Read about Karlheinz Stockhausen’s Helicopter String Quartet – one of the well-known and complex musical pieces.
What is Helicopter String Quartet?
First of all, let’s understand what is a quartet?
A quartet is a group of four people playing music or singing together.
A string quartet refers to four musicians playing music together using the stringed musical instrument.
Therefore, a Helicopter String Quartet is about musicians playing the piece independently in four different helicopters.
Facts about the Helicopter String Quartet
The musical concept
The idea of writing a Helicopter Quartet was conceived by Professor Hans Landesmann of the Salzburger Festspiele in early 1991.
The basic idea was to use the sounds of helicopter blades in conjunction with the music piece that could be recorded high up in the sky.
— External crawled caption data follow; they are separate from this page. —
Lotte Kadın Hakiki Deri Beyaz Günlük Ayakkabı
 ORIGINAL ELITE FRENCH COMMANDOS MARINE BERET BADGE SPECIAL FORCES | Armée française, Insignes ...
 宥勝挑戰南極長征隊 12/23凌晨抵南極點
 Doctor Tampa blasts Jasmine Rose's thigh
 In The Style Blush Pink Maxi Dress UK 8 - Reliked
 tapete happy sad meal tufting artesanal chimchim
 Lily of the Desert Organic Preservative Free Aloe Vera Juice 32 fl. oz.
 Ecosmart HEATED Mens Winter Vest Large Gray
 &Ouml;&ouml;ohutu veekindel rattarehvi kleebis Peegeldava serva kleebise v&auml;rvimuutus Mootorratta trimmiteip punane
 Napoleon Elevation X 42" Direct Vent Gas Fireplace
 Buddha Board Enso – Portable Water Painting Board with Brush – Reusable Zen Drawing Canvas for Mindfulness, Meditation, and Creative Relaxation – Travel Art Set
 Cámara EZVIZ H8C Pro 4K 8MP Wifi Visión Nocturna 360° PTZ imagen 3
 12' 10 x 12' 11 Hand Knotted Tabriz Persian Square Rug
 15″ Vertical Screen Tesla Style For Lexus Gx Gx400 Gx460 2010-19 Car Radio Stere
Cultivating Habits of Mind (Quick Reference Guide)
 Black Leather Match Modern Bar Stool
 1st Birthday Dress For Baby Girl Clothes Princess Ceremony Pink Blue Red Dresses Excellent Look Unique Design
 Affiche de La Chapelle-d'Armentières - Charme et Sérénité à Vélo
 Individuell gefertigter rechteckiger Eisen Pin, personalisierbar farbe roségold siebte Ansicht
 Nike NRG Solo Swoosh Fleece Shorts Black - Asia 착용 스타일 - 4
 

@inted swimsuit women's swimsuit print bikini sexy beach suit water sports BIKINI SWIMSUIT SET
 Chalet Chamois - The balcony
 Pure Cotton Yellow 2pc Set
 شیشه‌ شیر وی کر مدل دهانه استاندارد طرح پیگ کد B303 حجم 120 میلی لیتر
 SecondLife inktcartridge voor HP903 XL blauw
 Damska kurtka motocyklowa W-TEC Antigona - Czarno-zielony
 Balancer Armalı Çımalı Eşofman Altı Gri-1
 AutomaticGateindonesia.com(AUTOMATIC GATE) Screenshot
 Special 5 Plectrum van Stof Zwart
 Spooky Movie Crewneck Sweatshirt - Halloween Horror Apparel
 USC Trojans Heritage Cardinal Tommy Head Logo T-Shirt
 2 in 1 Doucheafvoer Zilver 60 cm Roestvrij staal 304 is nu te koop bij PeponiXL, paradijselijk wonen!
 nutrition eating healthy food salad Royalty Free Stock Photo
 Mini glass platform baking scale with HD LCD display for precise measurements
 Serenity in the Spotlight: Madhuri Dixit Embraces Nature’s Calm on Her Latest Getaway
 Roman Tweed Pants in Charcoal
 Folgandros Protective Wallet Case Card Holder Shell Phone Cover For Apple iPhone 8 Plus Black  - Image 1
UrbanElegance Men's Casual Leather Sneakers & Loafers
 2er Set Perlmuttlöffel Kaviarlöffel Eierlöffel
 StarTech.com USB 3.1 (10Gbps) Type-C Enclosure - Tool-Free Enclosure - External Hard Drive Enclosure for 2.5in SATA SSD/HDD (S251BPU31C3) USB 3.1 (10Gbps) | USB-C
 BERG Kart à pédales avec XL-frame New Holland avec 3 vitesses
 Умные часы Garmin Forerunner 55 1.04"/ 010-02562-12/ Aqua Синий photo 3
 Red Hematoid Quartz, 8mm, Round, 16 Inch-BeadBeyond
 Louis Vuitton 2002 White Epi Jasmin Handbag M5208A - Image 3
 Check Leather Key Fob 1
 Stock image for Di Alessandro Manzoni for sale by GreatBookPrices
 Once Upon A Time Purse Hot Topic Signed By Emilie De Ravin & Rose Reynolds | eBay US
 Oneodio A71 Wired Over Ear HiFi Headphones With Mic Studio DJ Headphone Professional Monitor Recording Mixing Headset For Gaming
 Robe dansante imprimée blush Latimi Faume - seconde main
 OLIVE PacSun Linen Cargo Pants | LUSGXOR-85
The individual recordings from the four musicians are then mixed down to a single track for audiences to listen.
The idea of using helicopter’s for the performance came from a dream.
The first performances of the piece took place in Amsterdam on 26 June 1995
Stockhausen took around four years to come up with appropriate string section melodies.
In fact, he was initially reluctant to write the composition for Professor Landesmann’s concept.
However, after several dreams, Stockhausen submitted the melodies to Landesmann who liked it quite well.
The helicopter quartet was initially a 29-minute piece of music
However, Stockhausen revised the score to around 32 minutes by adding additional 3-minute melodies at the end of the quartet.
The score was revised only after the initial trial performances.
The last minute is mostly about the declining dynamics of the helicopter blade sounds.
Unusual system requirements
The musical performance requires exactly four helicopters, each equipped with a pilot, a musician, and a sound technician.
Other than pilots and musicians, the electronic equipment like television transmitter and three-channel sound transmitter are used to send the captured signal to the nearest auditorium.
The auditorium may have projected the visuals sent from the helicopters through proper mixing desks handled by the sound technicians.
The first performance and recording used Alouette helicopters from the Royal Dutch Air Force.
The press wasn’t impressed with the performance. However, people acknowledged the technological complexities of making such a thing work almost flawlessly are immense.
As you can see in the video, each musician is using headphone to sync with the composition. Even a milli-second lag would create a great discord in the final mix.